Complete step by step answer

Now,
Let us assume $ q $ is the total charge in the capacitor. That means this charge is only constituting the energy of the capacitor and this is the only charge which would oscillate.
Then, Voltage across the capacitor, $ {V_c} = q/C $
And, Voltage across the inductor, $ {V_L} = L\left( {di/dt} \right) $
Now, According to Kirchhoff’s law,
 $ \Rightarrow {V_c} + {\text{ }}{V_L} = 0 \cdot \cdot \cdot \cdot (1) $
Substituting the values of $ {V_c} $ and $ {V_L} $ in equation (1), we get
 $ \Rightarrow q/C{\text{ }} + {\text{ }}L\left( {di/dt} \right) = 0 $
Again, We know, $ i = dq/dt{\text{ }} \Rightarrow di/dt = {d^2}q/d{t^2} $
Thus,
 $ \Rightarrow q/C{\text{ }} + {\text{ }}L\left( {{d^2}q/d{t^2}} \right) = 0 \cdot \cdot \cdot \cdot (2) $
Now, In case of Simple Harmonic Motion,
The equation was,
 $ \Rightarrow kx{\text{ }} + {\text{ }}m\left( {{d^2}x/d{t^2}} \right) = 0 \cdot \cdot \cdot \cdot (3) $
Where, $ k $ is the spring constant, $ x $ is the displacement, $ m $ is the mass of the body.
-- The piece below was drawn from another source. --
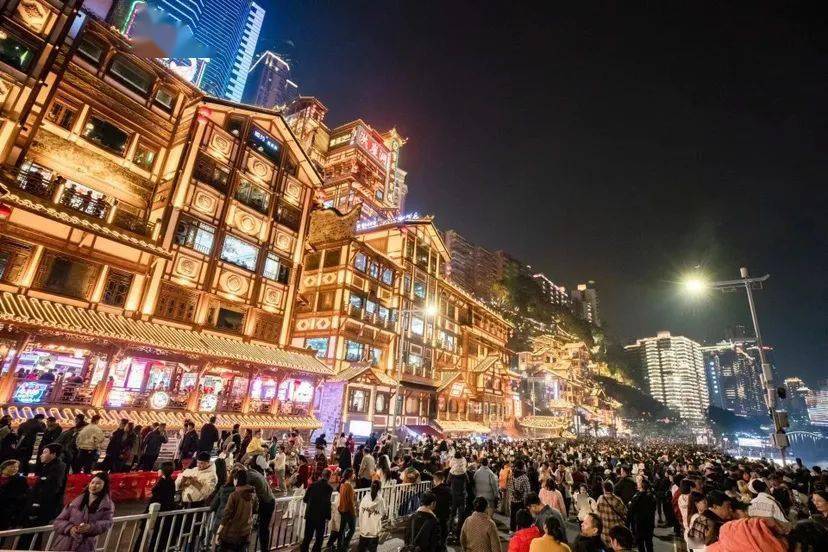 春节假期前三日洪崖洞人气爆棚!_游客_旅游_活动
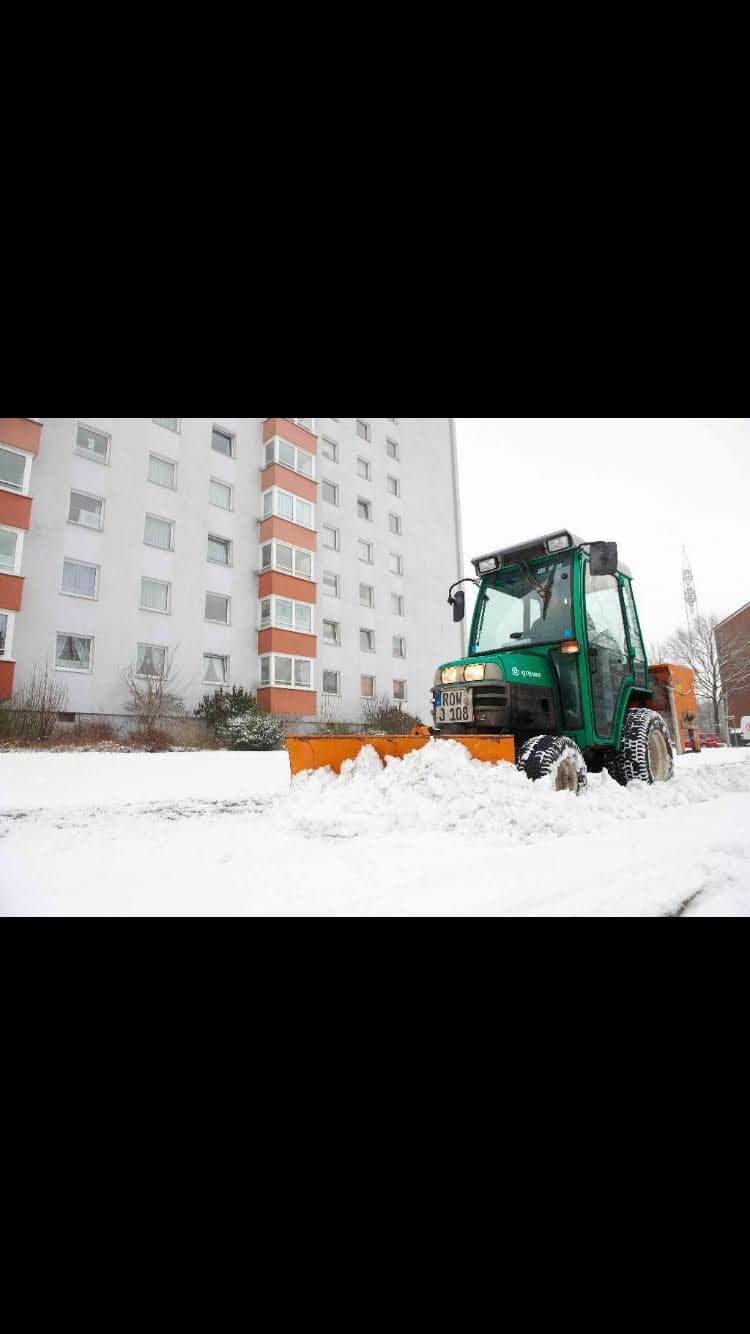 BORMANN - Gebäudereinigung, Gartenpflege, Abrissarbeiten, Winterdienst, Entrümpelung, Bauhelfer Bielefeld, Herford, Gütersloh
Comparing equation (2) and (3), we get
 $ \Rightarrow k = 1/C $
Hence, the correct option is (B).

Note
The analogy between Simple Harmonic Motion and LC oscillation is very apparent. In the first case, the mass oscillates through the x parameter and in the latter, the charge oscillates through L. Again, for the first case, the k is the constant term and for the latter, C is the constant term.